*INSTRUCTIONS TO FOLLOW*.
Once the line containing "植绒豆包魔术帽豆包系列萌粒公仔桌面摆件树脂工艺品潮玩公仔" is found in the records below, return it and each following line exactly, up to and including the line containing "Человек утонул в", and nothing else.

*PROVIDED INFORMATION*.

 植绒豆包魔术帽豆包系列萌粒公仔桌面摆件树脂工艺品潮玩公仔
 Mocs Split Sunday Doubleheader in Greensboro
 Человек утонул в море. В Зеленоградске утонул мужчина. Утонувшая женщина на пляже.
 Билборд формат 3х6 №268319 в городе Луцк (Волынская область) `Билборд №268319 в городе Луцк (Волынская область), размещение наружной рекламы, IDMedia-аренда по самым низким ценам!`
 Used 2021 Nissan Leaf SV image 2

--

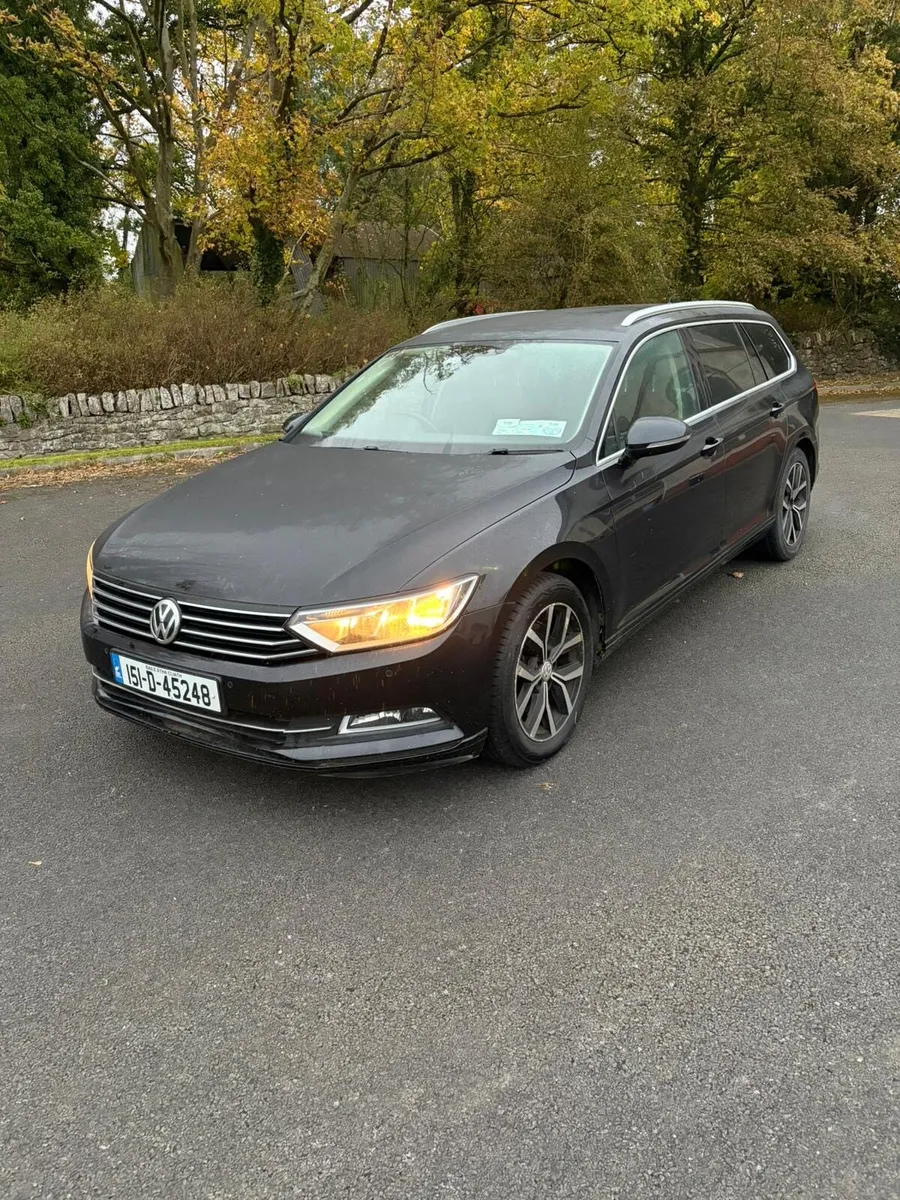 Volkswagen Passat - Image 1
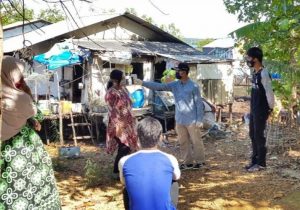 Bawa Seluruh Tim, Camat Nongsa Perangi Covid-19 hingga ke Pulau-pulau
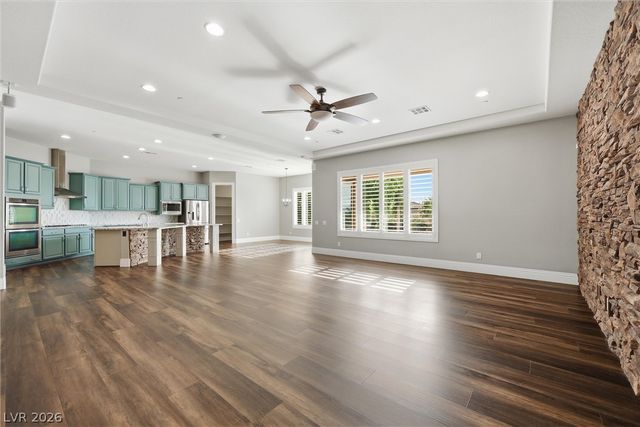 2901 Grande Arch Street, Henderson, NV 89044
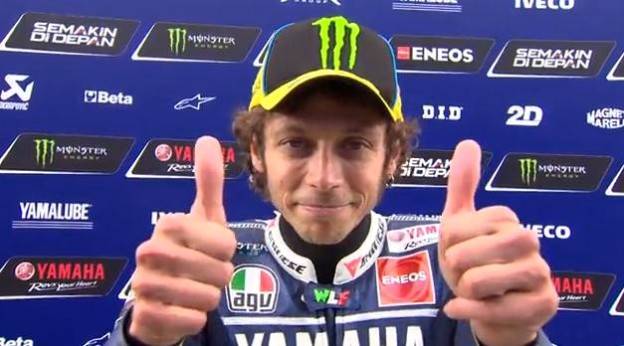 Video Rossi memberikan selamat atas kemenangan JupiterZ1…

*YOUR SOLUTION*.
 植绒豆包魔术帽豆包系列萌粒公仔桌面摆件树脂工艺品潮玩公仔
 Mocs Split Sunday Doubleheader in Greensboro
 Человек утонул в море. В Зеленоградске утонул мужчина. Утонувшая женщина на пляже.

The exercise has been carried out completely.